In [1]:
import pandas as pd
import seaborn as sns
import matplotlib.pyplot as plt
import numpy as np
pd.set_option('display.max_columns', None)

# Historical Odds Import and Conversion

In [2]:
# Creating a formula for odds conversion 
def odds_conversion(x):
    if x < 0:
        return (-x) / ((-x) + 100) 
    else: 
        return (100 / (x + 100))

In [3]:
# Creating a list of all the race file names. This will be used to loop over for importing the data into dataframes
# Loops over the years where we have historical data

import os 

year_list = ['2022', '2021']

table_dictionary = {}

for year in year_list:
    
    path = '../Raw Data/Odds Data/Historical Odds/2022'
    table_list = []

    for filename in os.listdir(path):

        if filename.endswith('.csv'):
            table_list.append(filename[:-4])

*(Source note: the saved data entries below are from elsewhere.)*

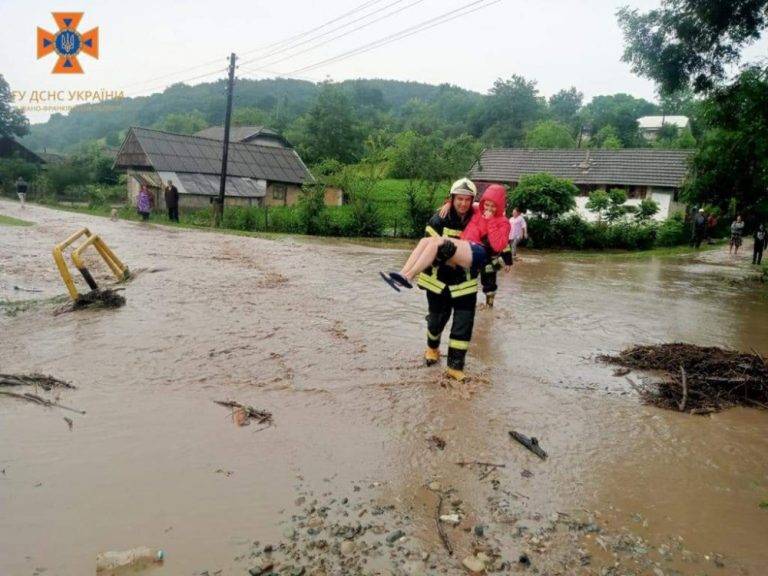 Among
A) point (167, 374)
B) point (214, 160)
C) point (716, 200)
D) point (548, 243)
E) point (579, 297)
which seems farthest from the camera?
point (214, 160)

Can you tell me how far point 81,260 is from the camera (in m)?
7.75

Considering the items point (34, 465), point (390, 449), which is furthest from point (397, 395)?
point (34, 465)

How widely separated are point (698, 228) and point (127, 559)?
87.1ft

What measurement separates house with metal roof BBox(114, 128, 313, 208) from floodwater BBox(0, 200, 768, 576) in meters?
26.1

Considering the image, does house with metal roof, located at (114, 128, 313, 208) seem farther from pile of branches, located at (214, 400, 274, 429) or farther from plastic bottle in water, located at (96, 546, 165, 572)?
plastic bottle in water, located at (96, 546, 165, 572)

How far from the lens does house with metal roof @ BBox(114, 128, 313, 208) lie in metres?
33.6

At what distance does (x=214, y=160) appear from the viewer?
36.9m

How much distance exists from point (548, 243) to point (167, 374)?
19837 mm

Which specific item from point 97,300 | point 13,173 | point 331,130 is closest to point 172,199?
point 97,300

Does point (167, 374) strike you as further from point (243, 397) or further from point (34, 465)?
point (34, 465)

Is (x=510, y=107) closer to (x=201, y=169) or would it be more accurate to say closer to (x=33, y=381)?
(x=201, y=169)

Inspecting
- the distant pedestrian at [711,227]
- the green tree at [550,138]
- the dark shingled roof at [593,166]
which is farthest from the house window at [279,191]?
the green tree at [550,138]

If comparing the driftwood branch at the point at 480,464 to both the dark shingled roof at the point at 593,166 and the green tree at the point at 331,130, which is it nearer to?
the dark shingled roof at the point at 593,166

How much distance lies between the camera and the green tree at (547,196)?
73.2 ft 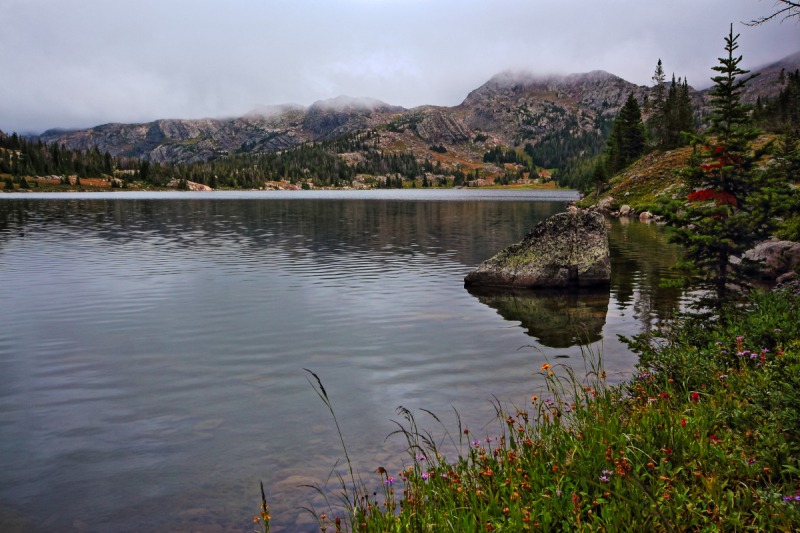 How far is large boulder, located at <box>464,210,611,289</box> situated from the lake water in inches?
67.1

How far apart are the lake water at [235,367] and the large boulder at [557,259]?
1703mm

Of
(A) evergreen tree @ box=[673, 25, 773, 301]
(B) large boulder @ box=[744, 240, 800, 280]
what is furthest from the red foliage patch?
(B) large boulder @ box=[744, 240, 800, 280]

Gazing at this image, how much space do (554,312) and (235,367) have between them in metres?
14.1

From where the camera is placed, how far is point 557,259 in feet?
93.0

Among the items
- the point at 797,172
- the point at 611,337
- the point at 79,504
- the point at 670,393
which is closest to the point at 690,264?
the point at 611,337

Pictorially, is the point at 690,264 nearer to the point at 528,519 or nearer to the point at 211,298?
the point at 528,519

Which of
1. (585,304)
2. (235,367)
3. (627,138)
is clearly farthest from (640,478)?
(627,138)

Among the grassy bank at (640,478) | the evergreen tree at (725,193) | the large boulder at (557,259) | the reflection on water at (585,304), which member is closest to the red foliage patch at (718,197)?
the evergreen tree at (725,193)

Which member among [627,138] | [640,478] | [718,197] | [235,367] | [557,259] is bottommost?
[235,367]

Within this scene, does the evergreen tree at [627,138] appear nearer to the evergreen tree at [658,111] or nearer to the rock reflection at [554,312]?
the evergreen tree at [658,111]

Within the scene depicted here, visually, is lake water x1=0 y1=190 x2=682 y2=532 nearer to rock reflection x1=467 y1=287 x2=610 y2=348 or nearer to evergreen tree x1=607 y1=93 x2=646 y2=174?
rock reflection x1=467 y1=287 x2=610 y2=348

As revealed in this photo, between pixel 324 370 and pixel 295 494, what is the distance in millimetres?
6640

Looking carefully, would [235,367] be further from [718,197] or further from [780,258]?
[780,258]

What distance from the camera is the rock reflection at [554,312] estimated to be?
19.2m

    table_dictionary[year] = table_list
    print(table_list)
   

['Singapore', 'UnitedStates', 'Canadian', 'Brazilian', 'Miami', 'Azerbaijan', 'British', 'Spanish', 'Australian', 'Hungarian', 'Bahrain', 'Italian', 'Dutch', 'Japanese', 'SaudiArabian', 'Austrian', 'Monaco', 'AbuDhabi', 'Belgian', 'MexicoCity', 'EmiliaRomagna', 'French']
['Singapore', 'UnitedStates', 'Canadian', 'Brazilian', 'Miami', 'Azerbaijan', 'British', 'Spanish', 'Australian', 'Hungarian', 'Bahrain', 'Italian', 'Dutch', 'Japanese', 'SaudiArabian', 'Austrian', 'Monaco', 'AbuDhabi', 'Belgian', 'MexicoCity', 'EmiliaRomagna', 'French']


In [4]:
# Import CSV loop
# Loops over years

odds_df_dict = {}

for year in table_dictionary:

    odds_df_dict[year] = {}

    for race in table_list:
        df = pd.read_csv('../Raw Data/Odds Data/Historical Odds/'+year+'/'+race+'.csv',header = 0,sep = '|')
        odds_df_dict[year][race] = df
    


In [5]:
# Converting the odds from American odds format to implied probabilities
# There is also some data cleaning for driver names in this loop
# Loops over years

for year in odds_df_dict:
    
    for race in odds_df_dict[year]:
        odds_df_dict[year][race]['Odds to Win'] = odds_df_dict[year][race]['Odds to Win'].apply(odds_conversion)
        odds_df_dict[year][race]['Odds to Finish Top Three'] = odds_df_dict[year][race]['Odds to Finish Top Three'].apply(odds_conversion)
        odds_df_dict[year][race]['Odds to Finish Top Six'] = odds_df_dict[year][race]['Odds to Finish Top Six'].apply(odds_conversion)
        odds_df_dict[year][race]['Odds to Finish Top Ten'] = odds_df_dict[year][race]['Odds to Finish Top Ten'].apply(odds_conversion)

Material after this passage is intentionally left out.